It happens so much in a run of game, it often goes unnoticed, but that doesn’t take away from its importance. For some it’s ritualistic, for others it means I’ve got your back no matter what.
A tap on the pads can go a long way in boosting the confidence of any netminder that feels exposed and all alone in the crease.
It’s one of hockey’s cliches or truths depending on who you ask. “Goaltenders are a unique breed.”
The most scrutinized position in the game, is the most difficult position to play, but yet everyone seems to be an expert when it comes to delivering harsh criticism.
Such a small and subtle act like a tap on the pads can go such a long way in the mind of a netminder. A tap on the pads means everything for those that call the crease home.
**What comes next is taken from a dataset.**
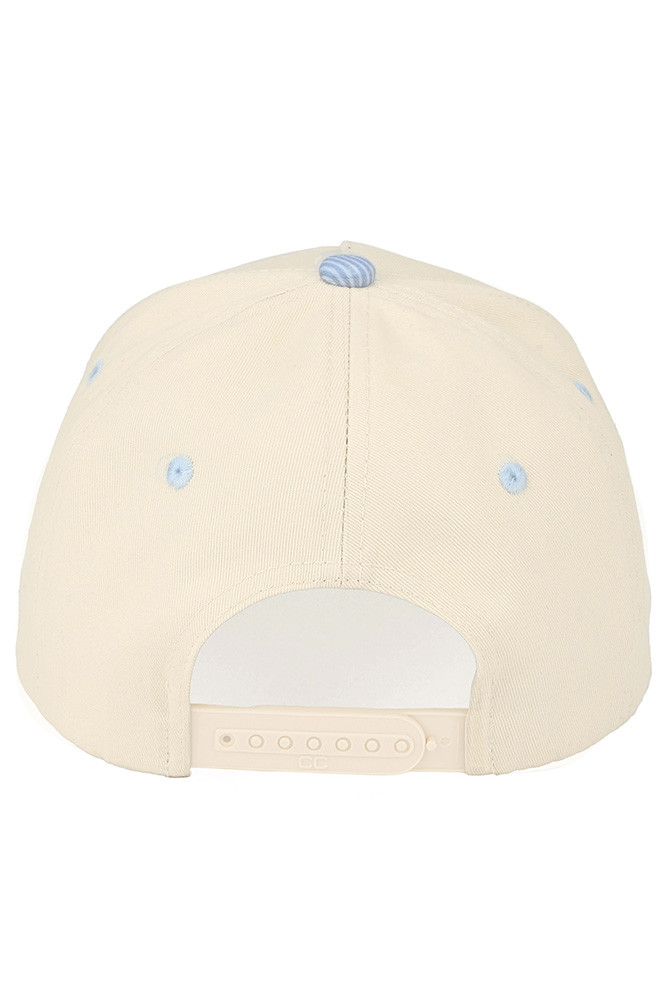 Women's Nautical Theme Print on Brim Two-Tone Trucker Hat in Blue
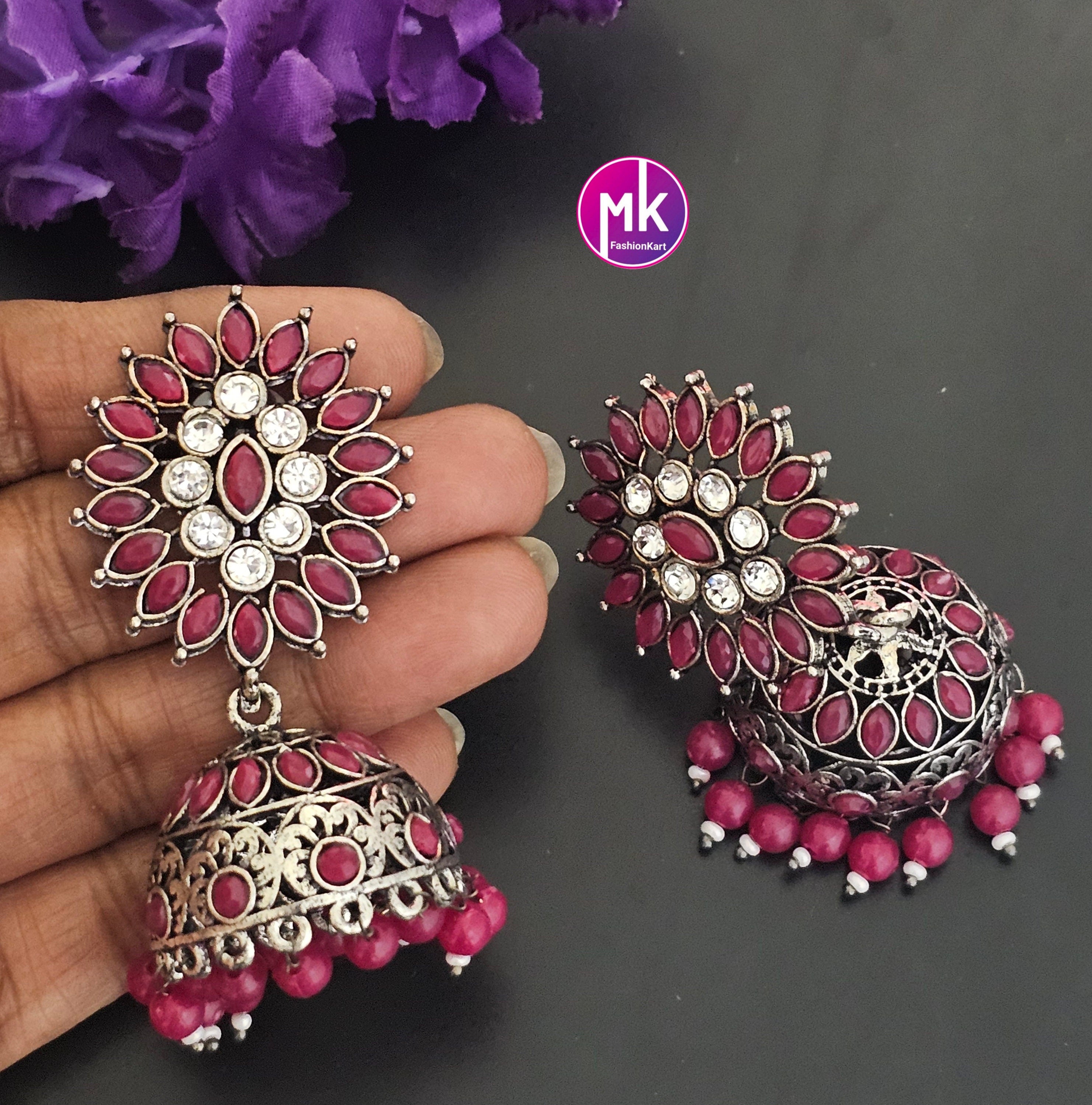 Silver Oxidized Dark pink with white stones Jhumka and hanging pink beads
Goaltenders undoubtedly have the toughest gig ever, and many times in a run of a season they struggle, but, not any fault of theirs, but because they are always the last line of defence.
“Let them know you’re there” takes on several different connotations in the game of hockey, but a tap on the pads and a tap on the back or tap on the top of the head after any tough sequence or save can do wonders for those behind the mask. We all know every goalie have their routines or rituals and you can set your watch to it, but that doesn’t mean the position isn’t a lonely one, “when all hell is breaking lose” in front of them. The loneliest position in the game, to the most supported, to the most scrutinized, everything can change in a matter of seconds. That’s life between the pipes.
One can never fully appreciate, grasp or understand that battle within the mind of goaltender.
A tap on the pads can go a long way.
This past weekend, I saw a player skate over to the goalie that was being pulled and give an incredibly well-timed tap on the pads.
The smallest, unexpected acts of appreciation and support have the largest impact.
Everyone deserves a tap on the pads from time to time, in hockey and in life.